Il faut en prendre conscience : bien qu’elle n’ait probablement été ni préparée ni voulue, bien qu’elle effraie les protagonistes, la grande confrontation entre l’Est et l’Ouest, entre régimes libéraux et régimes socialistes, est maintenant engagée, et nul ne peut plus l’arrêter1.
C’est la première guerre de l’histoire qui ne se livre pas avec des armes. C’est aussi la première dont les épisodes ne sont ordonnés nulle part et échappent complètement à la volonté des hommes. C’est la première enfin où il n’y ait ni combattants, ni généraux, ni plans, mais où, bien au contraire, ceux qui détiennent une autorité cherchent (en vain jusqu’ici) comment tout arrêter, comment obliger les choses à prendre un autre cours, comment échapper à la machine révoltée.

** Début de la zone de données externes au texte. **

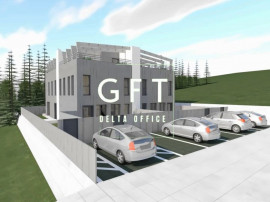 Teren cu Proiect Imobiliar , zona Drumul Simirului , 7.65...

Seulement, voilà : c’est le cours lui-même des choses qui emporte les faibles actions humaines, c’est la machine qui, par le jeu de ses ressorts inaccessibles, a pris pour nous les décisions et les conduira impitoyablement à terme. Où, comment ? Jamais les hommes n’ont paru si impuissants devant les forces aveugles (ou providentielles) de l’histoire.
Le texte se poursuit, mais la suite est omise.